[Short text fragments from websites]
▼▼▼
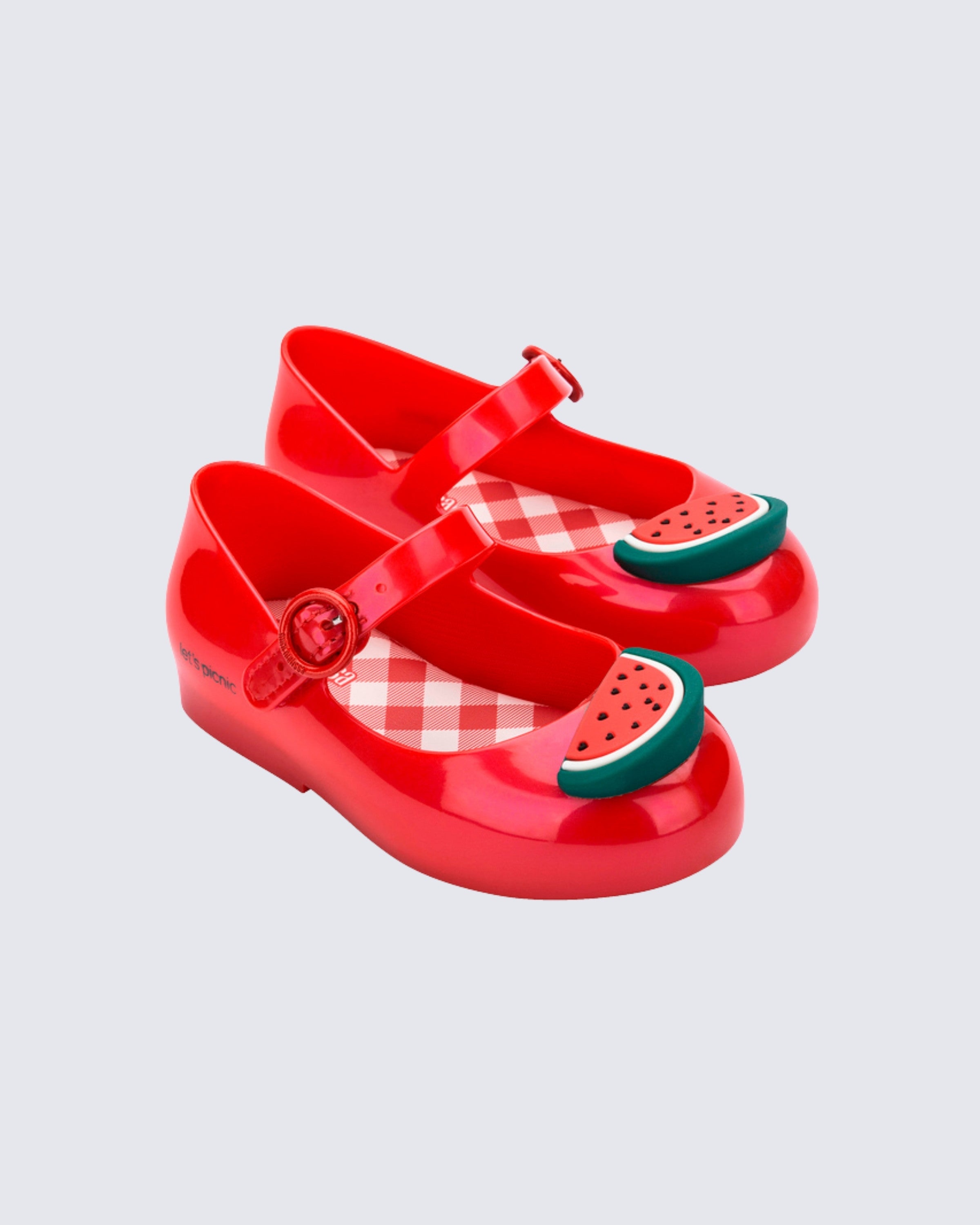 Mini Melissa Sweet Love Picnic kırmızı karpuz detaylı kız çocuk ballerina ayakkabısı ön görünüm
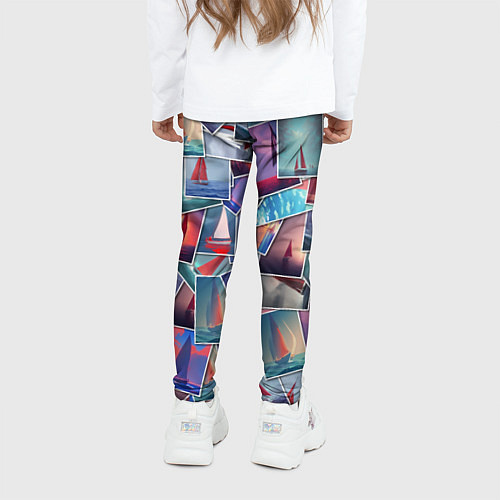 Детские легинсы Корабли с алыми парусами: арт нейросети / 3D-принт – фото 4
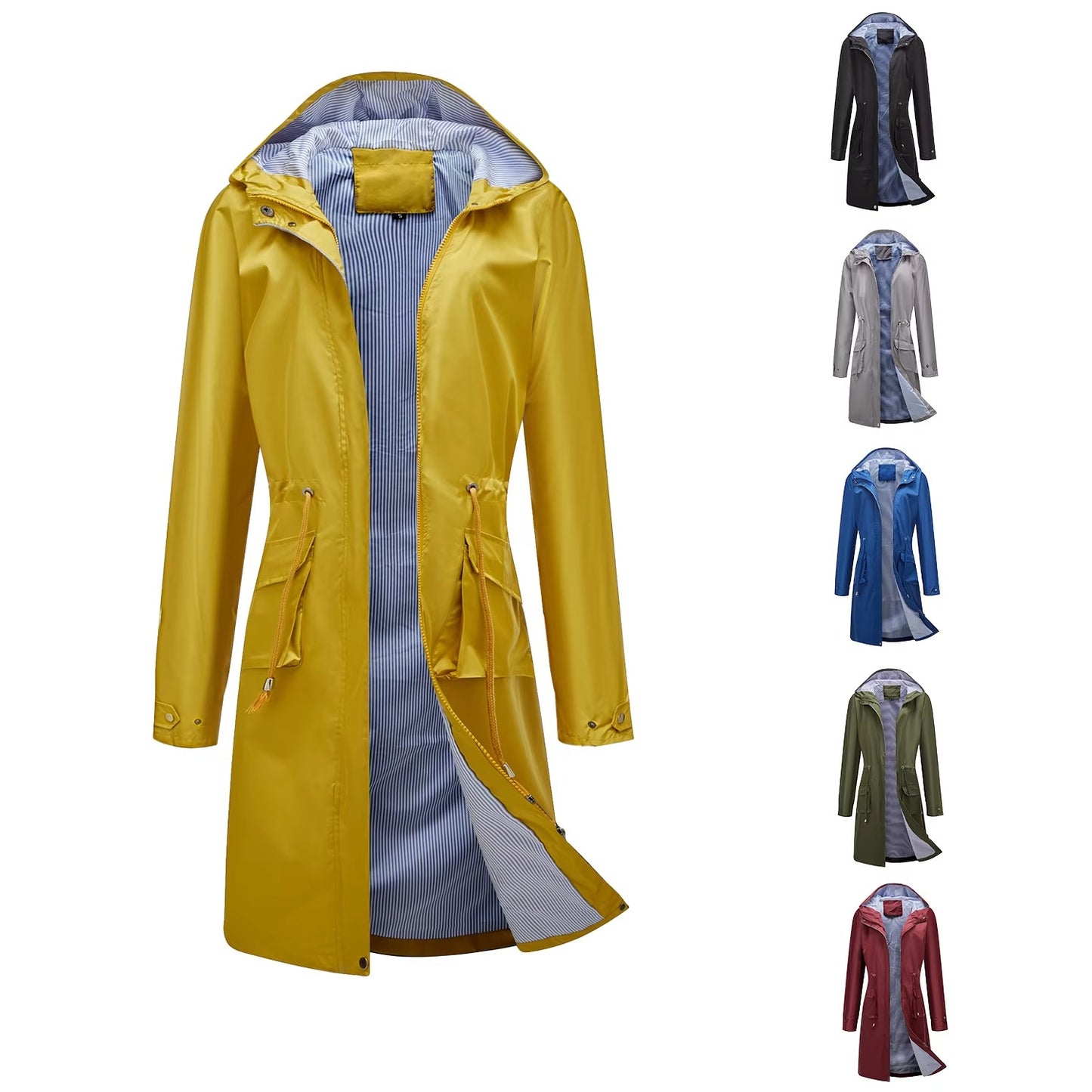 Women's Waterproof Lightweight Rain Jacket Formal Blazer-Style Windbreaker With Zipper Closure Casual Outdoor Hooded Trench Coat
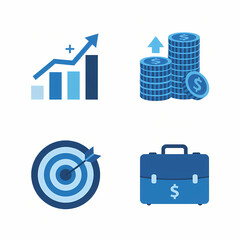 Business Finance Growth Icon Pack Cartoon Flat Style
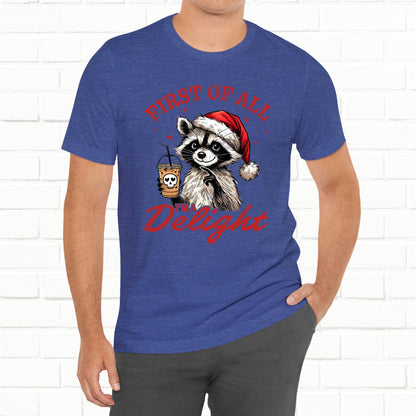 Raccoon I'm A Delight Funny Unisex Christmas T-Shirt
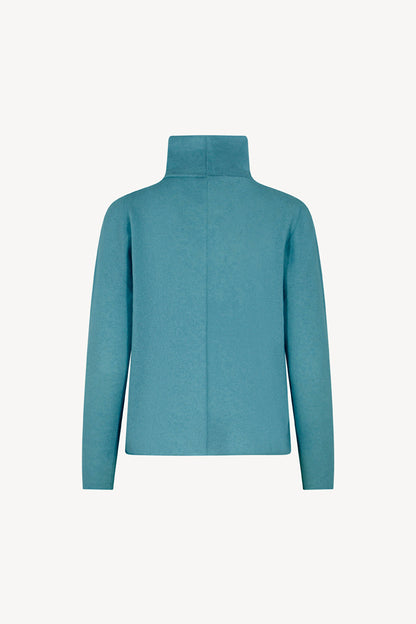 Maglia Lupetto Dritto-Rovescio in Puro Cashmere Turchese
▲▲▲
### Directions
In the records above, find the line with "Women's Waterproof Lightweight". Print exactly from there through the line with "Raccoon I'm A", minus the pictures.

### Reply
 Women's Waterproof Lightweight Rain Jacket Formal Blazer-Style Windbreaker With Zipper Closure Casual Outdoor Hooded Trench Coat
 Business Finance Growth Icon Pack Cartoon Flat Style
 Raccoon I'm A Delight Funny Unisex Christmas T-Shirt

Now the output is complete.